# INPUT DATA

════════

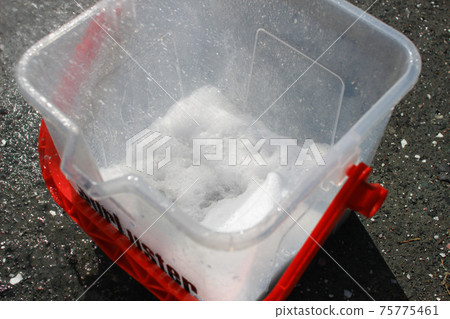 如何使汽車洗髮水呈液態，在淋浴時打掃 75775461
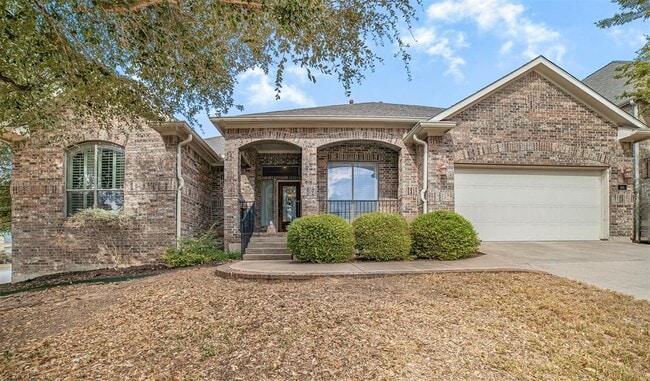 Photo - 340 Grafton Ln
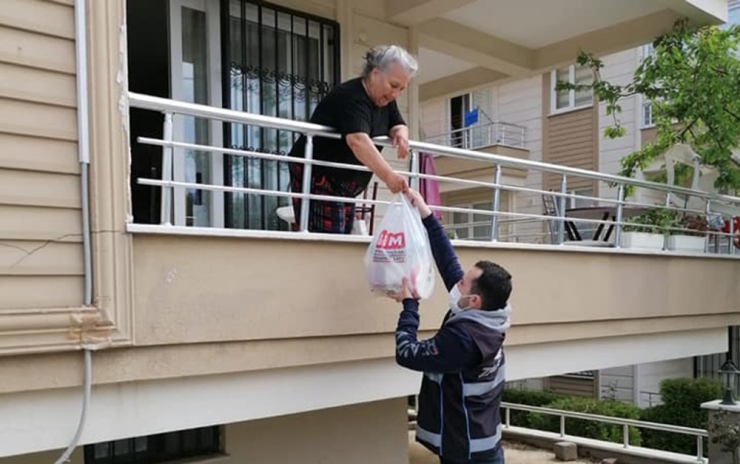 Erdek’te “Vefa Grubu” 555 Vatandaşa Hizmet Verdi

════════

# BRIEF
Leave the pictures out and output all of the data verbatim.

# RESULT OF THIS EXERCISE
 如何使汽車洗髮水呈液態，在淋浴時打掃 75775461
 Photo - 340 Grafton Ln
 Erdek’te “Vefa Grubu” 555 Vatandaşa Hizmet Verdi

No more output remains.